Top of Data to use

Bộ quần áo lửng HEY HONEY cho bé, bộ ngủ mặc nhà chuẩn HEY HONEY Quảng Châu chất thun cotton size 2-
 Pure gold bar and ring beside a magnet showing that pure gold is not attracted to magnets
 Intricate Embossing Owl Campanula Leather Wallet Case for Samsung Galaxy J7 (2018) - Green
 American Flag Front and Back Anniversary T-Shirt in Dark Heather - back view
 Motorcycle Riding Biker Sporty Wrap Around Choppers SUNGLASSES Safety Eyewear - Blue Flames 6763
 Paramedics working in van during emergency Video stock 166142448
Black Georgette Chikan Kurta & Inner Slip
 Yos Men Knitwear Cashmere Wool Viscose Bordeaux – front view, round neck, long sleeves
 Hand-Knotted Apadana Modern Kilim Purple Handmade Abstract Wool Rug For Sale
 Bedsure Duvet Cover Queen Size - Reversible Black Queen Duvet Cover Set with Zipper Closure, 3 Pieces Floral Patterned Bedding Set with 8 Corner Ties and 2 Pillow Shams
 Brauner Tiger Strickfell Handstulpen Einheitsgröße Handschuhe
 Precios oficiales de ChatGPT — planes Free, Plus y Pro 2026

Bottom of Data to use

### Activity
Wherever a line contains the string "Wool", copy that line from the data.

### Task response
 Yos Men Knitwear Cashmere Wool Viscose Bordeaux – front view, round neck, long sleeves
 Hand-Knotted Apadana Modern Kilim Purple Handmade Abstract Wool Rug For Sale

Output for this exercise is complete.